The whole area of Internet telephony is vastly interesting and intriguing. Most often, the first thing that comes to mind when one says ``Internet telephony'' are those nifty programs that allow computer users to place low-grade international telephone calls for free over the Internet. This same technology, when applied on a private corporate LAN with sufficient bandwidth, could provide a cheap means of inter-office switching (much like tie line services and expensive private T-1 networks) and a better solution for ACD agent positions.
Traditional low-cost telephony solutions have historically been implemented either under MS-DOS (with, perhaps, a custom real-time kernel) or under OS/2. The need for highly specialized real-time operating systems to drive multi-channel voice applications has disappeared as a result of increased CPU power, and equally important, the increased sophistication and power of add-on telephony boards. Many of these boards now manage I/O and call state largely on their own with only an occasional need for direct intervention. In the past guaranteed maximum interrupt latency was the mantra for evaluating real-time performance in complex voice processing systems; I now find support for real-time predictable scheduling policies more important.
While Windows NT is commonly touted as a ``telephony operating system'' these days, there are several serious considerations. The first is simply expense; a Windows NT machine means a machine with a video display. More often, telephony applications are deployed on dedicated stand-alone machines which sit in phone closets and, ideally, require only remote management.
Some of the same optimizations that make NT work better than Windows 95 as a desktop machine get in the way of using it for telephony applications, or for use as a telephony server and workstation concurrently. For example, one finds strange scheduling quirks that occur as NT optimized video drivers, which are now given the highest priority, update large areas of the screen.

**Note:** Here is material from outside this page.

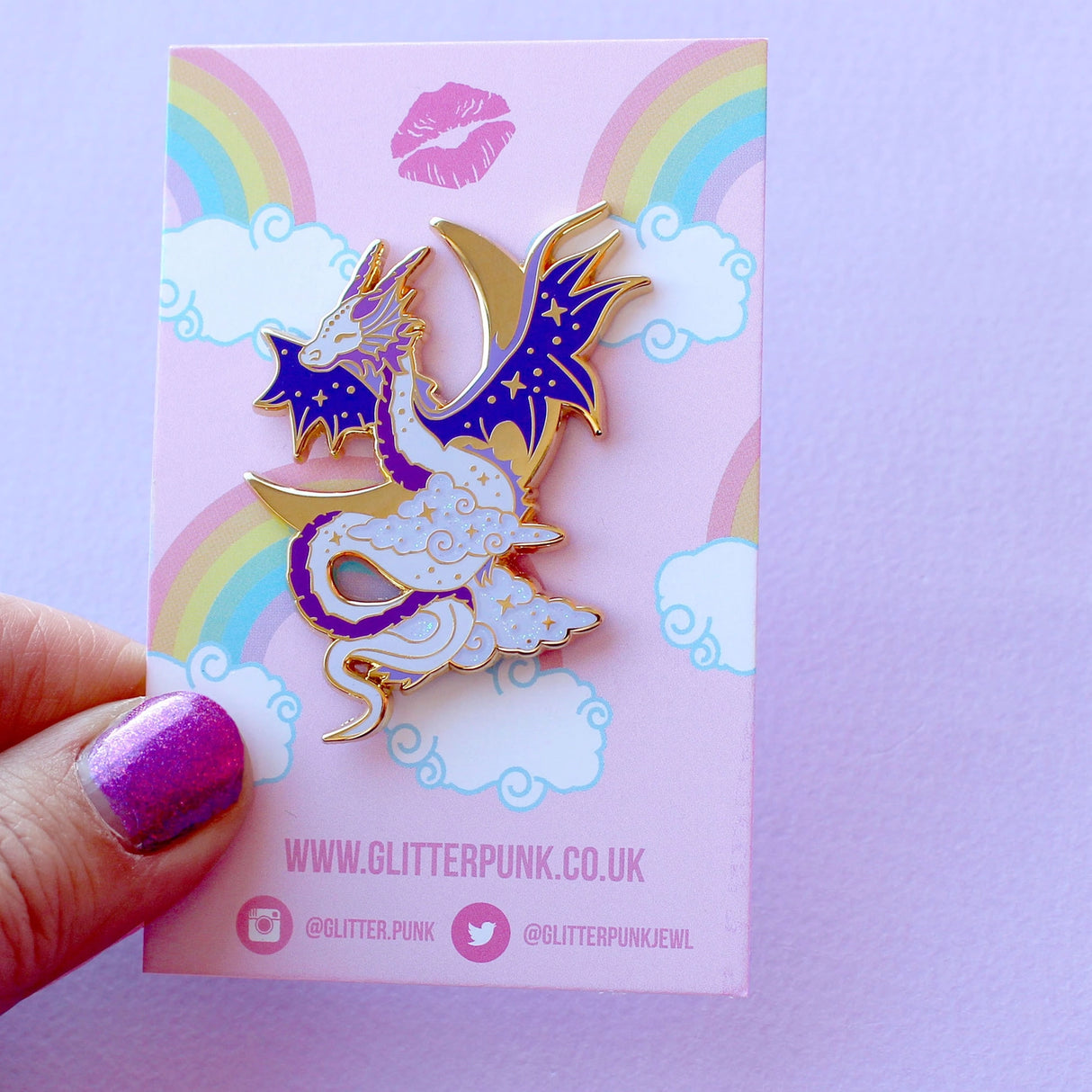 Glitter Punk - Celestial Dragon Enamel Pin
This fabulous starry Celestial Dragon pin is perfect for fans of the mythical!
Made from gold hard enamel, this 48mm purple dragon is surrounded with glittery clouds and a large gold crescent moon. It is secured with two purple heart rubber clasps.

Finally, even in today's world of cheap RAM, NT requires a minimum of 32MB, while Linux runs smoothly in 8MB or less. Even in the low-end commodity voice market, where MS-DOS-based voice mail systems predominate and a $50.00 change in margins can make or break a product, these costs are very important. Now, imagine a $2000 voice mail system, or, even better, a $1000 voice mail ``machine'', with desktop integration, multi-site networking and voice/email exchange, and what that system would do to the bottom of the commercial voice mail market.
Why not OS/2? Well, first there is always the question of ``will it be around?'' Second, the last non-desktop optimized release of OS/2 was 1.3, and it is still the most commonly used and supported release of OS/2 in voice processing products today. OS/2 driver support still exists in the voice response OEM marketplace, but it is not a rising star.

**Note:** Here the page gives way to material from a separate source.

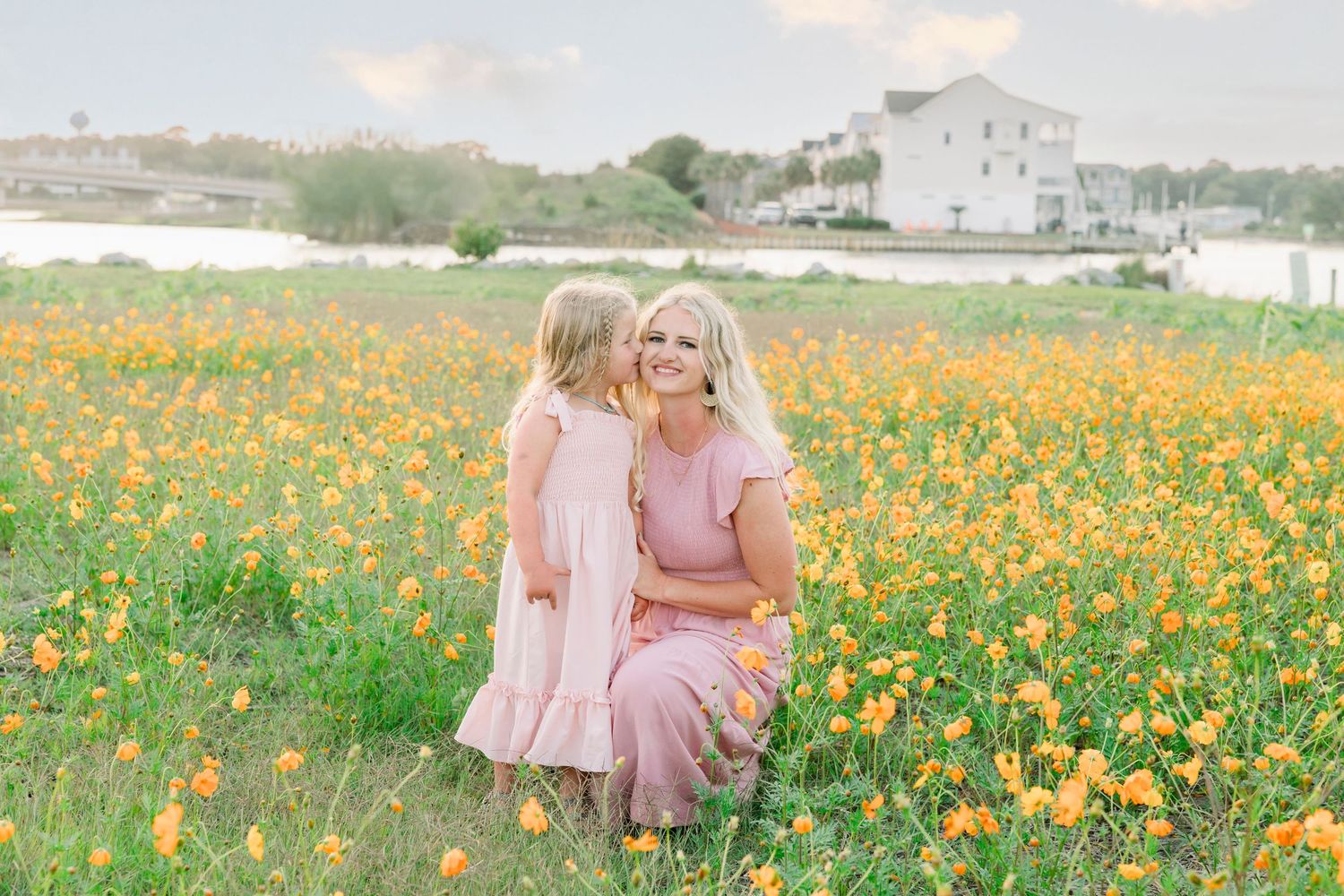Two figures in pink dresses pose together in a vibrant field of yellow wildflowers on a sunny day.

Why not DOS? Simply put, one cannot easily run network services from a DOS machine. In tomorrow's world, voice mail will have to present voice messages on the desktop, whether through proprietary means or through a web server and standard e-mail protocols. Other advanced user applications and networking services will need to be leveraged onto these once dedicated stand-alone voice processing machines.

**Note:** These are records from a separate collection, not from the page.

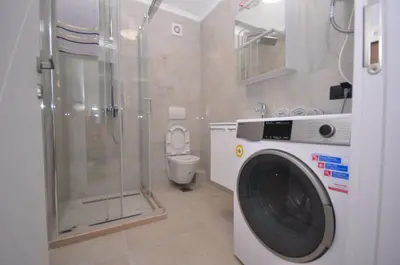 a washing machine in a bathroom with a toilet at Studio Dobra Voda 14 in Bar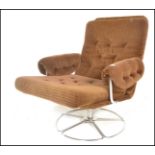 A mid century retro Danish influenced swivel easy armchair being upholstered in the original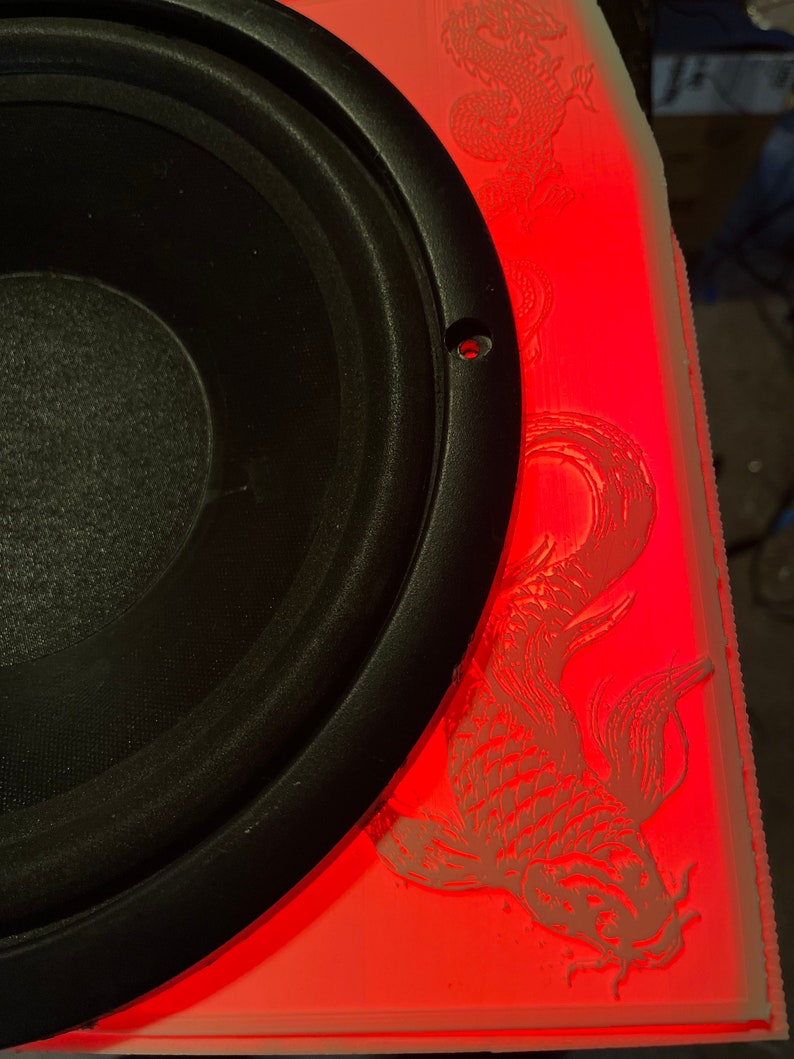 May include: A black speaker with a red illuminated panel. The panel features etched koi fish and dragon designs. The speaker is mounted in a custom enclosure.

And what about Unix? For many years, some variants of Unix have been used successfully in voice processing, typically in vertical market applications. The complete failure of the major Unix vendors to understand the CTI market and create appropriate software licensing terms or stripped down embedded releases have kept the cost of using these systems prohibitively expensive as a general purpose CTI platform. For example, a Unix machine for voice processing may not need NFS, many user utilities or X Windows. However, it does need sockets and a web server for administration and desktop telephony. No major Unix vendor seems to know how to properly license such a stripped down, embedded configuration.
So what are we left with? An inexpensive operating system capable of using inexpensive hardware, of running a mix of user and real-time scheduled processes, of remote management without the need for a local console, of integrated networking and of giving months of reliable service unattended. Only Linux and Free-BSD fit these criteria.
As mentioned earlier, most vendors support some form of direct PBX integration. By far the most common method of integration, in the broadest sense, is ``call detail''. Virtually every PBX on the market is capable of generating call detail, also available as serial data, that can be used for call accounting systems.
Call detail is often represented by different formats from different manufacturers, and may change within different releases of the same base product. The kind of information varies from simple information on in-bound/out-bound trunk usage (for example, number called, date and time, duration and extension called from) to complete call traces, whereby every aspect of a call's passage through a PBX is detailed.
Most PBXs support ``programming ports'', which are essentially serial ports hooked up to a dumb terminal or PC running a terminal program like ProComm. These programming ports are typically connected to modems to allow remote maintenance of the PBX.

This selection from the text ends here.